The Fed moved the target range from 1.25 percent to 1.5 percent. This is tied to a number of different debt instruments, such as credit cards and adjustable-rate mortgages. Another development was that Federal Open Market Committee members expect the gross domestic product next year to grow from an estimated 2.1 percent in September to 2.5 percent. This follows two consecutive quarters of 3 percent growth or higher. The committee estimates that the fourth quarter could hit that level as well.
Growth is projected to settle down to 2.1 percent in 2019 and 2 percent in 2020, even while both of these are above the 2 percent and 1.8 percent forecasts three months ago, respectively.
While the committee did not say why there is growth expected, departing Fed Chair Janet Yellen has expressed in speeches this year that she was optimistic that aggressive fiscal policy could help. Congress is negotiating a tax reform package that seeks to cut the corporate tax rate and taxes paid by many Americans.

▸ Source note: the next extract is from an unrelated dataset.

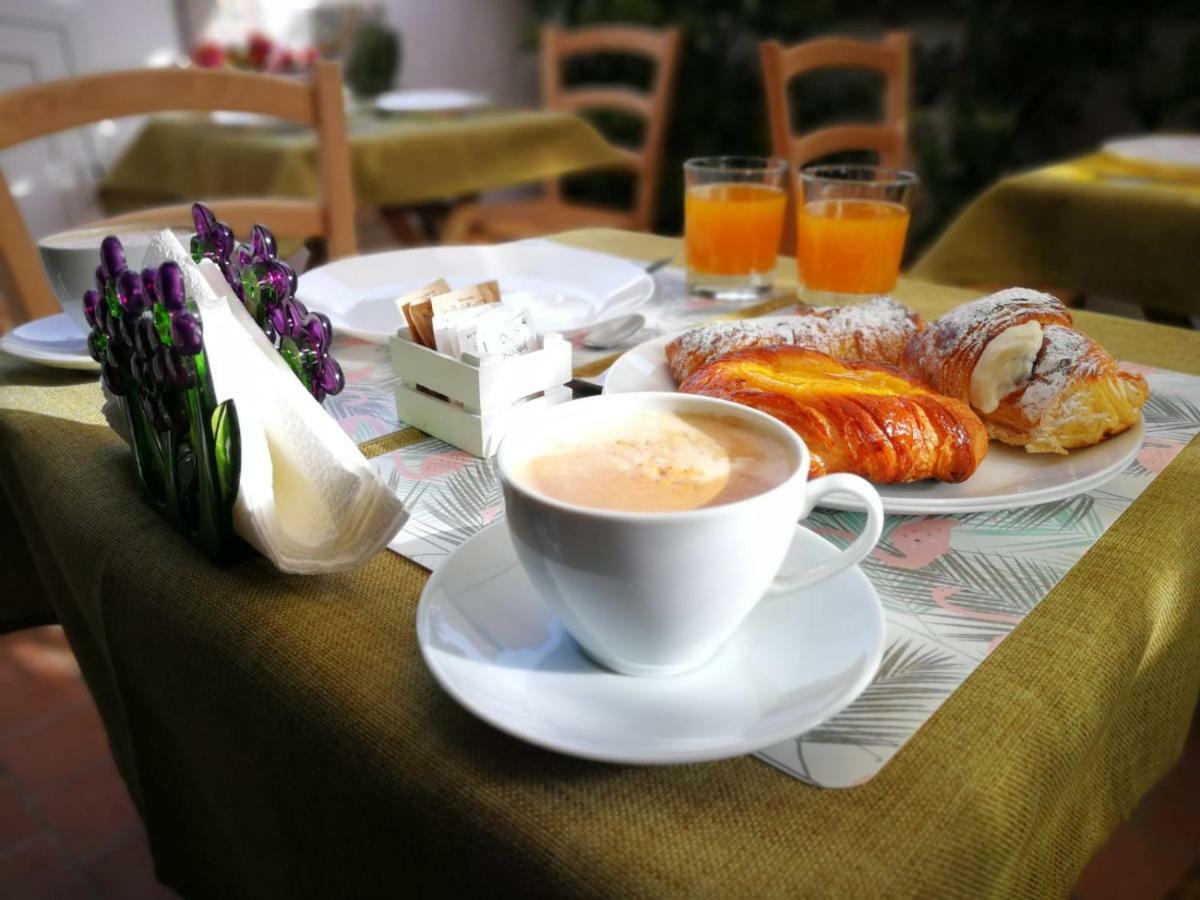 Palermit'Amo Acomodação com café da manhã Palermo Exterior foto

Officials at the Fed cut their estimates for the unemployment rate, to 3.9 percent in 2018 and 2019, two-tenths below the previous numbers. The 2020 rate is expected to be 4 percent, down from 4.2 percent, while the longer-run outlook remained at 4.6 percent. The current unemployment rate is 4.1 percent.
According to CNBC’s Fed Survey, respondents were already bullish that interest rate hikes and tax cuts were imminent. Seeing that tax cuts are on the way, in addition to greater economic growth, Fed watchers responding to the survey believe that GDP will accelerate to nearly 3 percent in 2018 and 2019, (2.85 percent to be exact for both years) and inflation to go up by only 2.5 percent by 2019. Additionally, at 14.9 percent, the risk of recession is at the lowest point it has been in 2.5 years. Taxes and regulation, coupled with global economic weakness, are the biggest threats to the U.S. expansion.